Колдовство в присутствии инквизитора. За такое во все времена полагался костер – но, бросая в Китти Разрушителя оков, я не думала о костре. Я вообще ни о чем не думала, просто сделала то, что должна была. Сейчас Китти смотрела на меня с благодарностью, а на Энцо Саброру с искренней мольбой. Он поднялся из-за стола, неторопливый и грозный, словно идущий шторм, и я с каким-то внутренним нервным смехом подумала, что мое дело скверно.
- Если бы не она, я бы уже умерла! – продолжала Китти, и ее густо накрашенные ресницы захлопали так, что смогли бы растопить даже каменное мужское сердце. Спутник Китти посмотрел на нее с укоризной, и она торопливо добавила: - Да, я знаю, я сама виновата, что решила это съесть, но в прошлый раз у меня не было аллергии на морепродукты, и я решила, что она кончилась! Прошу вас, господин инквизитор, не будьте к ней суровы!
«Будет, - подумала я. – Мой арест – это его возможность вернуться героем на прежнюю работу. Восстановиться там, откуда его выкинули. Он не упустит такого случая».
- Не будет, не будет! – бургомистр приобнял Саброру за плечи, и это выглядело, как в стихах у классика: мужик и ахнуть не успел, как на него медведь насел. Максим Вайн славился и ростом, и весом, и широтой плеч. – Я ручаюсь за госпожу Уиллоу, она законопослушная ведьма, и сейчас ей двигало лишь желание спасти человека!
«Да хоть ты обручайся тут, - устало подумала я. – Он будет делать свою работу».
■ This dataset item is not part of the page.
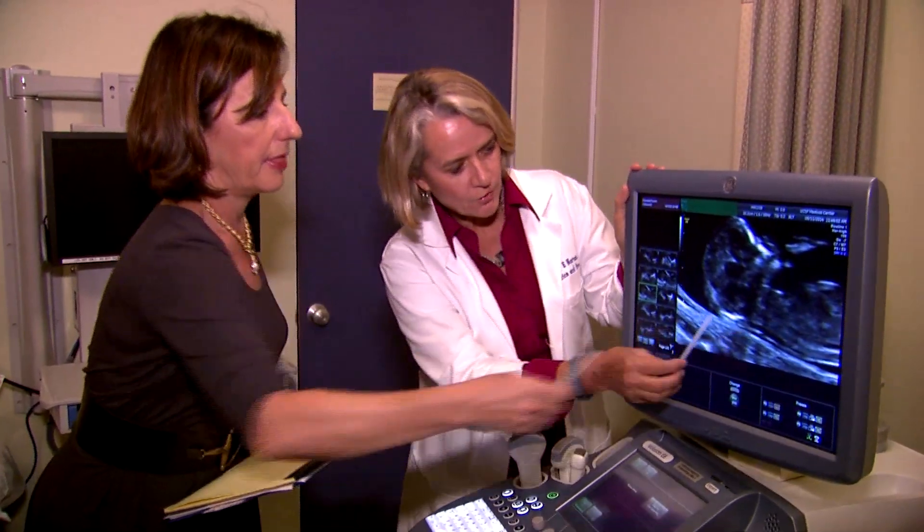It did help me figure out exactly what testing option I wanted to go with, and I felt better about it just because I knew exactly what I'm being tested for. It's really important that women understand that it is their choice to make and what the implications are of making a choice one way or the other.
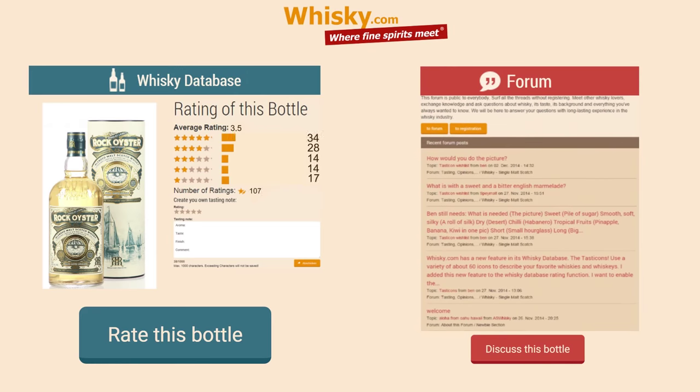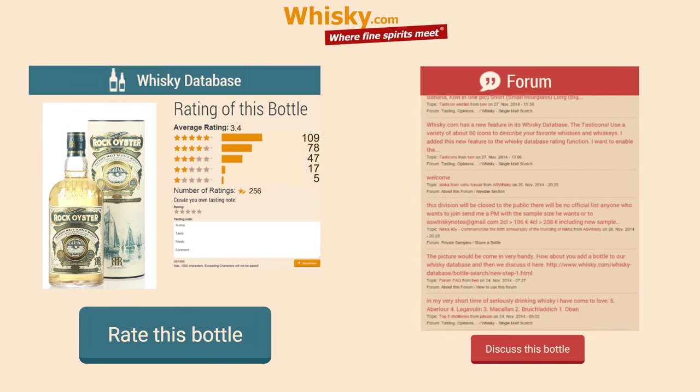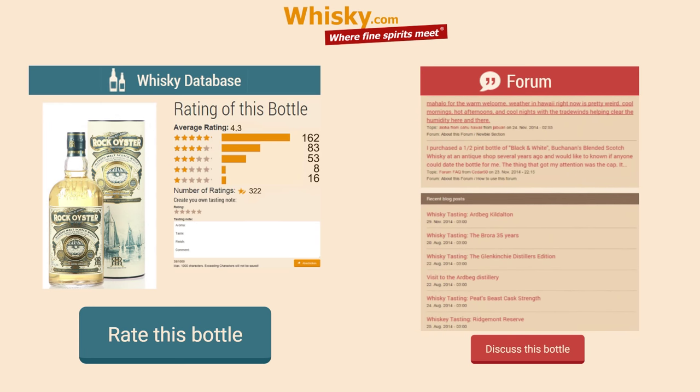So this experiment with the mixture of maritime malts is 100% positive from my point of view. If you'd like to discuss this bottle with me, please join me in my vlog on Whisky.com. Hopefully, since this is a small batch, we will see more of these bottles on the shelves at your local dealer. Thank you for watching. Bye.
Правый край рта инквизитора дрогнул в улыбке. Кажется, его забавляла вся эта суета вокруг ведьмы, которой пришла в голову блажь спасти человека. Обычно-то ведьмы занимаются совсем другими вещами. Они ткут приворотные нити, намертво пришивая одну душу к другой, поднимают покойников из свежих могил и отправляют их пить кровь живых, чтобы получить вечную молодость, насылают порчу на жертву с другого конца света, поднимают ураганы и приказывают засухам уничтожать посевы и ввергать в голод целые страны.
А тут вдруг надо же – ведьма кого-то спасла.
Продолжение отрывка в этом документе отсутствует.